Ганна молча кивнула. Но так и не улеглось в голове, что господин Эльрик, мальчишка этот, на которого в «Серой кошке» едва не молятся, стар настолько, что и представить невозможно. Может, потому и не улеглось, что невозможно представить.
– И чего ты беспутный такой? Лучше бы насовсем девкой оставался. Ты-Тресса – это ж радость просто что за девочка. А как парнем станешь, так управы никакой нет, – ворчала Иоганна, когда провожал постоялец очередную свою женщину. – Водишь к себе и водишь. Бога бы побоялись. Смотри вот, возьмусь я за тебя да отхожу ухватом, чтоб неповадно было.
– Да ладно тебе, тетя Ганна, – смеялся Эльрик, – каждой женщине нужно немного счастья.
– Ты, что ли, счастье-то? – она сердито бухала на стол завтрак, садилась рядом, если не было многолюдно, и, подперев ладонью подбородок, смотрела, как он ест. Однажды спросила, само как-то вырвалось: – И куда мать с отцом смотрят?
А шефанго легко отмахнулся:
– Некому смотреть.
И кольнуло ей сердце. Марк-то – сыночек поздний, долго у них с Джозефом детей не было, да еще первенец умер. Марк выжил, то-то радости было. Кровиночка их. Любовь единственная. Как бы он без отца да без матери?
А Эльрик ее тетушкой звал. Уважал. Так она его господином величать и не научилась. Да и его-Трессу, если уж на то пошло, госпожой назвать язык не поворачивался. Девчонка ведь. Какие там господа? И то сказать, когда привезли его однажды в «Серую кошку», почитай без руки правой, кто его выхаживал? Не вертихвостки эти, что табунами прорваться пытались. И что она, Ганна, слышала, когда шефанго рычал в бреду, то на непонятном языке, то на человеческом, никто никогда не узнает. И как плакал он, губы кусая до крови. И как просил кого-то… непонятно просил, но так… Ганна сама плакала, как слышала. Хоть и непонятно. Нет. Никто не узнает, с ней это вместе и умрет. Прикипела она сердцем к шефанго страхолюдному, как к сыну родному. Словно вернулся тот, первый, что умер. Ежи. Три годика ему было. Долго умирал. Плохо. Также она его выхаживала. Сутками у кровати сидела. Молилась… Да не услышал Бог. Что ему, Богу, до Иоганны Джозефовой? Что ему до Ежи? Столько дел других. Важных.

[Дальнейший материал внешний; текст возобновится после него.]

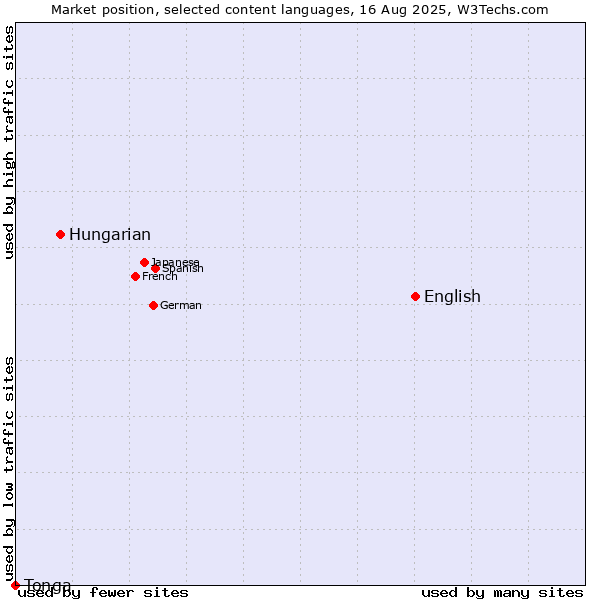 Market position of English vs. Hungarian vs. Tonga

– Может, останешься? – спросила она потом, когда собрался Эльрик уезжать. – Оставайся, право слово. Ты ж мне за сына стал. Ну зачем тебе ехать? Куда ты, с одной-то рукой?

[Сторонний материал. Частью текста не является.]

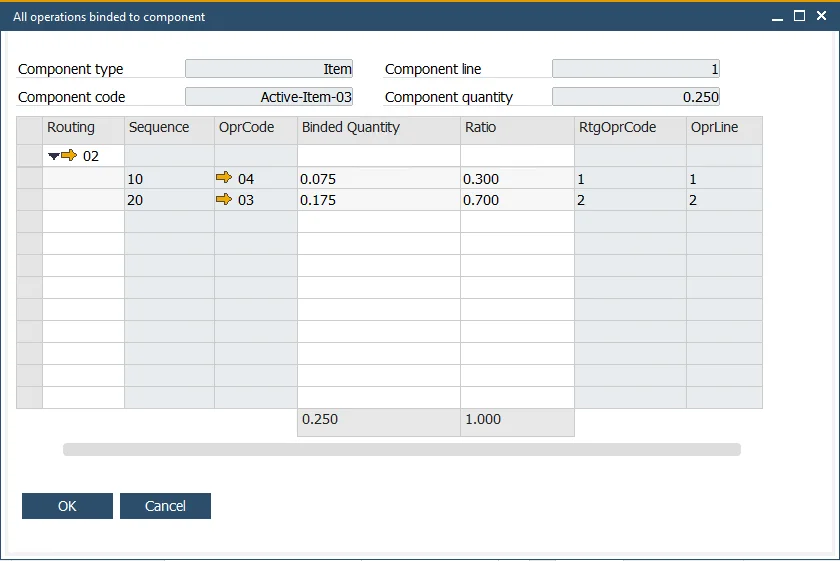 All Operations Bind to Component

Обнял он ее вдруг. Поцеловал в лоб. Улыбнулся:
– На запад мне нужно, – говорит. – Дела. А тебе спасибо. Ты даже не представляешь, какое спасибо.
– Да за что? – Ганна отмахнулась, еще не веря, что он уедет, и уже зная, что уедет. – Великое дело. Марк вон, как болеет, с ним так же сижу.
– Вот за это и спасибо, – тихо так сказал. Без ухмылочки обычной.
И уехал. Она полгода ходила как в воду опущенная. Покуда слухи не дошли, что безумец какой-то, шефанго однорукий, в Готской империи рыцарей убивает. Бичей Божьих, ревнителей веры, тех, что нечисть истребляют по всем Опаленным землям. Ей бы напугаться, а она от радости ревела – живой. Джозеф только в затылке чесал. Но тоже рад был – это ж не спрячешь.